Insurance: a grave need for stronger protection of policyholder rights
2 min read 20 Apr 2023, 11:42 PM ISTMedical insurance policies exclude ‘treatment for alcoholism, drug, substance abuse or any addictive condition and consequences thereof’.

The other day, a claims executive arbitrarily rejected a hospitalization claim for a cardiac ailment. When the claim was reported, the executive had on his own initiative pulled out the past medical records of the patient. In there, he found mention of the patient’s smoking history. So, he quickly put the pieces together and concluded that smoking had caused the cardiac issue. Medical insurance policies exclude ‘treatment for alcoholism, drug, substance abuse or any addictive condition and consequences thereof’. The rejection considered smoking as an addictive condition and the cardiac issue as its consequence. However, this exclusion is meant to exclude treatment to cure the addiction or a direct outcome of abuse such as overdose. Circumstantial or indirect linkages of a habit to an illness, can at best, be a guess. Such adjudication has no medical basis except self-righteousness. Unfortunately, such activism is not uncommon. Sometime ago, a claim for liver cirrhosis was rejected because the patient used to occasionally consume alcohol. It is common knowledge that excessive alcohol can damage the liver. But, teetotalers also do suffer liver damage.
As a respite in both cases, the initial decisions were overturned when the matter got escalated. However, this was not before the patients suffered significant agony. Consider that the cardiac treatment was undertaken in a network hospital, so the patient was eligible for cashless claim settlement. The decision to reject the claim came several hours after the patient was discharged by the doctor. However, the patient was held up at the hospital until the bill was settled. The patient could not afford to pay the claim in cash. So, he had to stay overnight in the hospital. The final approval came only the next day. While the final decision was positive, it left a poor impression on the patient and his family. It is natural for the policyholder to now mistrust insurers. But, who pays for the agony? Where can policyholders go for such grievances?

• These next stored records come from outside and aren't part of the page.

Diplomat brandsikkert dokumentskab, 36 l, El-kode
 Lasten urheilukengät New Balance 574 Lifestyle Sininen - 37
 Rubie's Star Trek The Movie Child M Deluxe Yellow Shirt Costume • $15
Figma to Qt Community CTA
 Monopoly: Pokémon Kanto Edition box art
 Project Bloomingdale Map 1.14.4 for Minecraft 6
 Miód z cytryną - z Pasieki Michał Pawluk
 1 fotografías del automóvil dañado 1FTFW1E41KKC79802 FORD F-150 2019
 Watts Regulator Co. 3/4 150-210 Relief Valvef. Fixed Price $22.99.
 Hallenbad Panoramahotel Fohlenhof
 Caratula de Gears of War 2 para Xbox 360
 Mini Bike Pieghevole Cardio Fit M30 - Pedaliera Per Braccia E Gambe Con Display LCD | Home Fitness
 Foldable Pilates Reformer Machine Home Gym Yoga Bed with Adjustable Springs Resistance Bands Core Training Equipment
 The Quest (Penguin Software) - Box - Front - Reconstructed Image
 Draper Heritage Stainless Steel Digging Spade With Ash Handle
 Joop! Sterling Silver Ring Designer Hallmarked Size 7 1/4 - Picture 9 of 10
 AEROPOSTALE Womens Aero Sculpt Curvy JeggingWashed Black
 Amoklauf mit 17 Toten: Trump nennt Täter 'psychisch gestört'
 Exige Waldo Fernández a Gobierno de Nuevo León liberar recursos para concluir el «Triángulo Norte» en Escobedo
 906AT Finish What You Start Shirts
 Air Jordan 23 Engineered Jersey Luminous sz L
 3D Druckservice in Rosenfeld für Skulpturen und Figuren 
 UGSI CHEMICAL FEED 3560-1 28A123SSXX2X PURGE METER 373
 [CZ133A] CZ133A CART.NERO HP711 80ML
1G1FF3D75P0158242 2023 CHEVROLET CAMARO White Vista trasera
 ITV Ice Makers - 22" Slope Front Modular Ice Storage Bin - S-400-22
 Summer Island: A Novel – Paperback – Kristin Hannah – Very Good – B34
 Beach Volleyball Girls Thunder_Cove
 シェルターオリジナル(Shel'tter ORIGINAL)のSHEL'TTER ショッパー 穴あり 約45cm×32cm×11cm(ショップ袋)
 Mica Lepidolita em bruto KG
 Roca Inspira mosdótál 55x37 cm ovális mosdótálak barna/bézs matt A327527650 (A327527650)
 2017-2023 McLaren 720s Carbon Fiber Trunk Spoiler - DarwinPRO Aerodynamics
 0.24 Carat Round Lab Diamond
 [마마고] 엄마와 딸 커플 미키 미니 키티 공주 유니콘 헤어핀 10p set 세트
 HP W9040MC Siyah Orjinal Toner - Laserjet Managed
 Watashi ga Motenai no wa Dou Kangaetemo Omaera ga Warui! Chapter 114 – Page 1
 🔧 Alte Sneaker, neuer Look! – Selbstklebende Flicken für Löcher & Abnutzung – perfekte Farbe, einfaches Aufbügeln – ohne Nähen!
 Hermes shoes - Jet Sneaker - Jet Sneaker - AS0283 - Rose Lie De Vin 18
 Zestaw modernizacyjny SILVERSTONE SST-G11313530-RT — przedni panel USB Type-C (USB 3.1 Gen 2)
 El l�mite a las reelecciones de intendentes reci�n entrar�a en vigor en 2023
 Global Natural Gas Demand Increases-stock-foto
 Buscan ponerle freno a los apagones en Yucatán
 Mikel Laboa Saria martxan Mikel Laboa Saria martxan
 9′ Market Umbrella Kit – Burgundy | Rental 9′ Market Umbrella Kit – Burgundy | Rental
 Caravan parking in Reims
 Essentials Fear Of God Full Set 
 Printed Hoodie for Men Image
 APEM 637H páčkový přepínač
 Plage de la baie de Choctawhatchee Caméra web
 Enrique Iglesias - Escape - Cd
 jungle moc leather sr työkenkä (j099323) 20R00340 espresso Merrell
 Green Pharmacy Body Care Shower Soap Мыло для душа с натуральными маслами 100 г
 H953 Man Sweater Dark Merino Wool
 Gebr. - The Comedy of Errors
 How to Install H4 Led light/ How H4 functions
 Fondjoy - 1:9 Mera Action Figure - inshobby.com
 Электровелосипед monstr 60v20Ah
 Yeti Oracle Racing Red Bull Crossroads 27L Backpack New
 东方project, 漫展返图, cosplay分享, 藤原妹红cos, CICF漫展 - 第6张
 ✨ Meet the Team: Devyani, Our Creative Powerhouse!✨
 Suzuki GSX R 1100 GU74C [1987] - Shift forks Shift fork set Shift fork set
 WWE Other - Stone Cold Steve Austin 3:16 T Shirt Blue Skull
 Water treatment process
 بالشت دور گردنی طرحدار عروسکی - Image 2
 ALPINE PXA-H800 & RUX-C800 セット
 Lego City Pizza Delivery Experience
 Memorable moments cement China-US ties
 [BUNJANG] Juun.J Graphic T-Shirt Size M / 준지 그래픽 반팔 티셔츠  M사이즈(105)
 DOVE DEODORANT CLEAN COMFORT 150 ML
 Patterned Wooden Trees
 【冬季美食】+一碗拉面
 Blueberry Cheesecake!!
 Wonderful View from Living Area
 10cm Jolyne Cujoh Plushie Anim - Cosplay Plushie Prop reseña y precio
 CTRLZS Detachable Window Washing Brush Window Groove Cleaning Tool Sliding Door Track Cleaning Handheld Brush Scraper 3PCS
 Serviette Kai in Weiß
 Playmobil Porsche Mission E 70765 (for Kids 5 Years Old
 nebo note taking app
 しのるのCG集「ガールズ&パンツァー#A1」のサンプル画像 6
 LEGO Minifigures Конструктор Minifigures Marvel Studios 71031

Some of these issues are not limited to faults on front-line level execution, but are conscious policy actions of insurers. Consider the case of a stand-alone health insurer who suddenly decided to stop paying claims for treatment taken in non-network hospitals. Hundreds of claims were denied. The insurer cited a condition hidden, literally, between the lines of a completely unrelated clause and not in the spirit of current regulations on exclusions. The insurer itself kept the clause in abeyance for several years and had an established practice of paying all non-network claims. The insurer’s stand would not stand up to regulatory or legal scrutiny. Policyholders have limited recourse in such cases. The administrative burden to file a case with the ombudsman is significant and often outweighs the benefit of recovering a claim or an unfair deduction. Ombudsman decisions can take time, in some cases more than a year. Most claimants will just overlook small claims rejections then in the interest of moving on.
The regulator has put a solid framework of rules. For example, standardization of exclusions is a hallmark regulation to usher transparency. However, insurers are finding ways around it by taking liberal interpretations. Consider the case of another stand-alone health insurer who proclaimed that claims for oral chemotherapy are inadmissible unless the person is hospitalized. Traditional chemotherapy is administered intravenously. This does not require overnight hospitalization, still most insurers pay such claims regularly. With advancement of medicine, some types of chemotherapy can now be administered via oral pills. To clarify admissibility, the regulator had specifically mentioned oral chemotherapy as a modern treatment method which should not be excluded from health insurance policies. For an insurer to admit the treatment but mandate hospitalization is contradictory to the progress made in medicine. It is wordplay with regulations. A policyholder’s interests need to be forcefully protected. Without the deterrence of probable regulatory action, some may continue to experiment with liberal interpretations of regulations, at the cost of the policyholder. Currently, there is little incentive for an insurer to give the benefit of doubt to a policyholder, better train their claim executives, and keep the policyholder’s interest first.
(I am told that the decision on the cardiac claim was revisited only after the claims executive was informed that his skip-supervisor was a smoker too. He didn’t want to preach to the master.)
Abhishek Bondia is principal officer and managing director, SecureNow.in.